In onderstaand schema is voor ieder regime aangegeven welke basisgegevens de oplosmiddelenboekhouding minimaal moet bevatten. Het bedrijf kiest 1 regime.
Regime | Verbruik | Input | Totale emissie | Afgas-concentratie | Diffuse emissie | Benodigde emissie | Referentie emissie | Hoeveelheid product |
---|---|---|---|---|---|---|---|---|
1.Reductieprogramma | X | X | X | - | - | X | X | - |
2. Grenswaarden voor afgas- en diffuse emissies | X | X | X | X | X | - | - | - |
3. Totale emissiegrenswaarden (percentage van de input) | X | X | X | - | - | - | - | X |
4. Totale emissiegrenswaarden (per hoeveelheid product) | X | X | X | - | - | - | - | - |
Toelichting basisgegevens
Verbruik
Het verbruik van oplosmiddelen voor een activiteit is: de hoeveelheid oplosmiddelen die het bedrijf voor de activiteit inzet (I1), verminderd met de hoeveelheid oplosmiddelen die na interne opwerking buiten de activiteit wordt hergebruikt.
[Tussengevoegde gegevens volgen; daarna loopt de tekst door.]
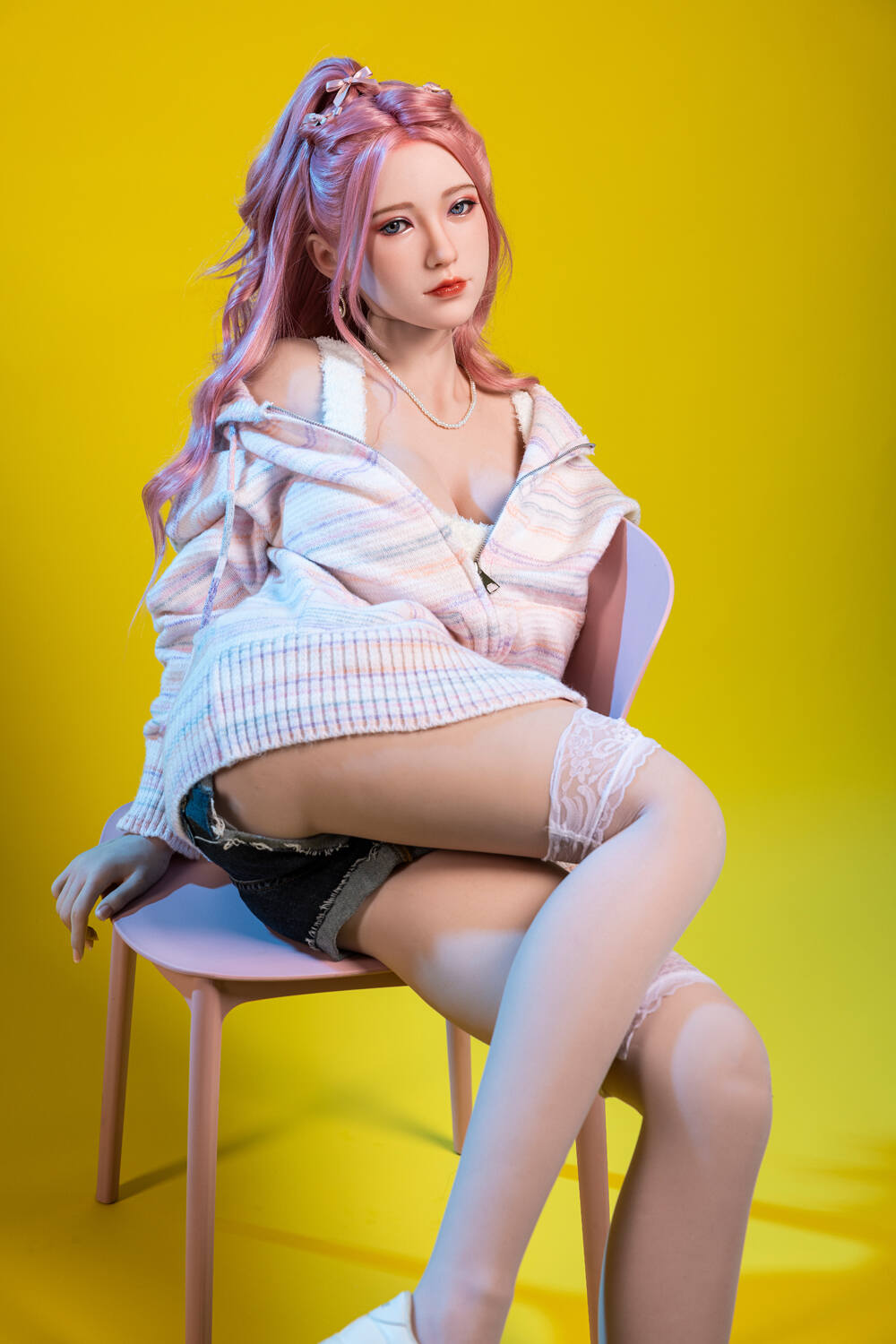 Picture of JX DOLL 170cm/5ft7 D-cup Silicone Head Sex Doll – Boa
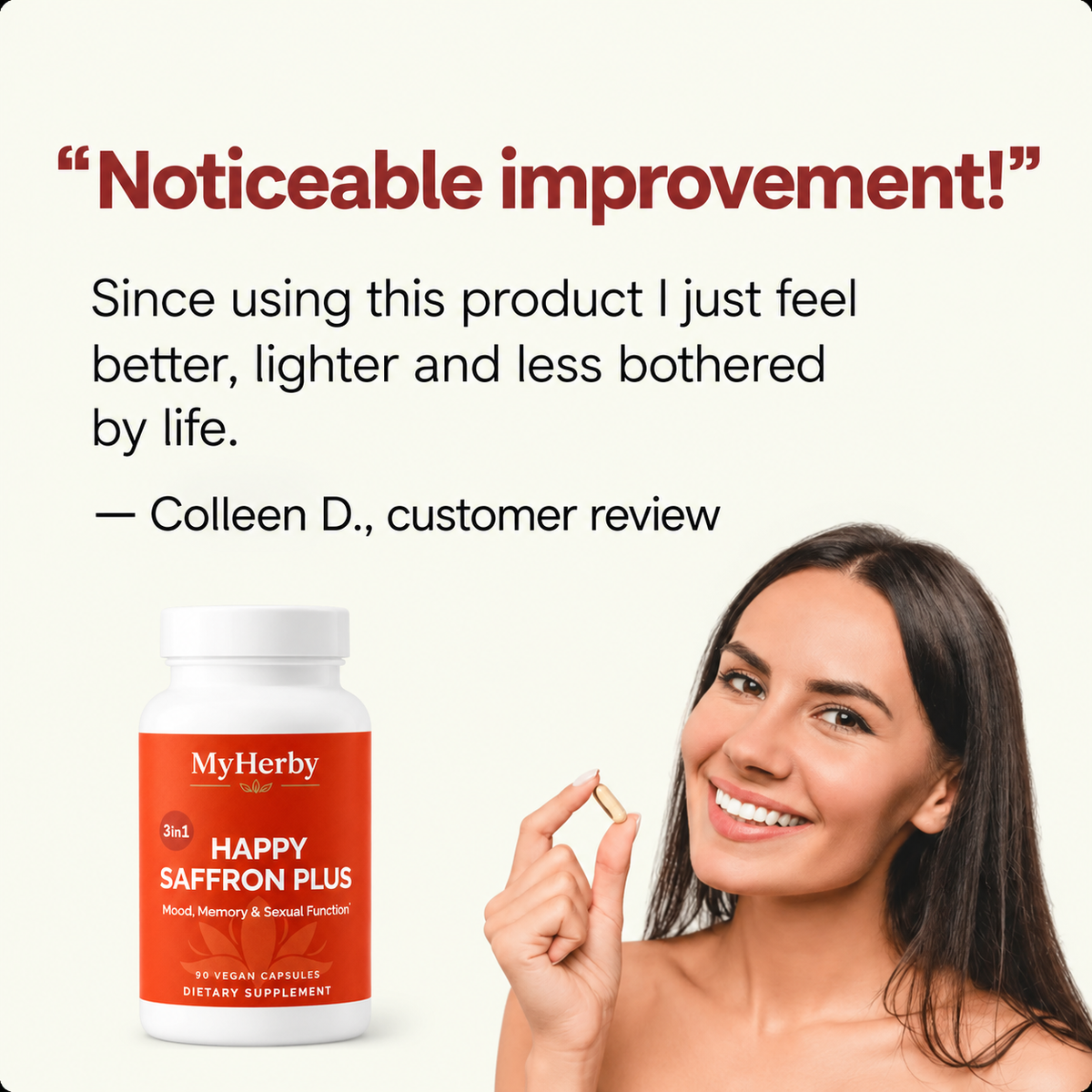 MyHerby Happy Saffron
Dit wordt ook wel O8 genoemd. Een precieze berekening is niet altijd nodig.
Input
De input van oplosmiddelen (I) is de hoeveelheid oplosmiddelen die bij een activiteit wordt gebruikt. De input van oplosmiddelen voor een activiteit moet altijd in de oplosmiddelenboekhouding staan.
De input bestaat uit: de hoeveelheid ingekochte oplosmiddelen die het bedrijf in het proces inzet (I1). Gebruikt een bedrijf oplosmiddelen, na interne opwerking of hergebruik, opnieuw voor dezelfde activiteit? Dan moet het bedrijf deze bij de ingekochte hoeveelheid oplosmiddelen (I1) optellen. Bereken ingezette en intern hergebruikte vluchtige organische stoffen (VOS).
Totale emissie
Net als de input moet ook de totale emissie van oplosmiddelen altijd in de oplosmiddelenboekhouding staan.
De totale emissie van oplosmiddelen is de som van de afgasemissies en de diffuse emissies. Hiervoor is het niet per se nodig de afgasemissies en diffuse emissies apart te bepalen.
U berekent de totale emissie ook door de ingezette hoeveelheid oplosmiddelen (I1) te verminderen met oplosmiddelen stromen die niet worden uitgestoten.
Dit gaat om bijvoorbeeld oplosmiddelen die:
- via afval zijn afgevoerd
- in het product zijn achtergebleven
- door een nageschakelde techniek zijn vernietigd
De totale emissie kunt u berekenen met de formule: totale emissie = I1 - O5 - O6 - O7
Volgens paragraaf 4.34 is ook een andere methode toegestaan. Zo kunt u de emissie bepalen met kentallen bij bijvoorbeeld heatset. Zie ook Bepalen diffuse emissie.
Afgasconcentratie
Kiest het bedrijf voor afgasemissies in combinatie met diffuse emissies, om te voldoen aan de emissiegrenswaarden? Dan moet het éénmalig de afgasconcentratie meten. De gemeten concentratie moet in de oplosmiddelenboekhouding staan.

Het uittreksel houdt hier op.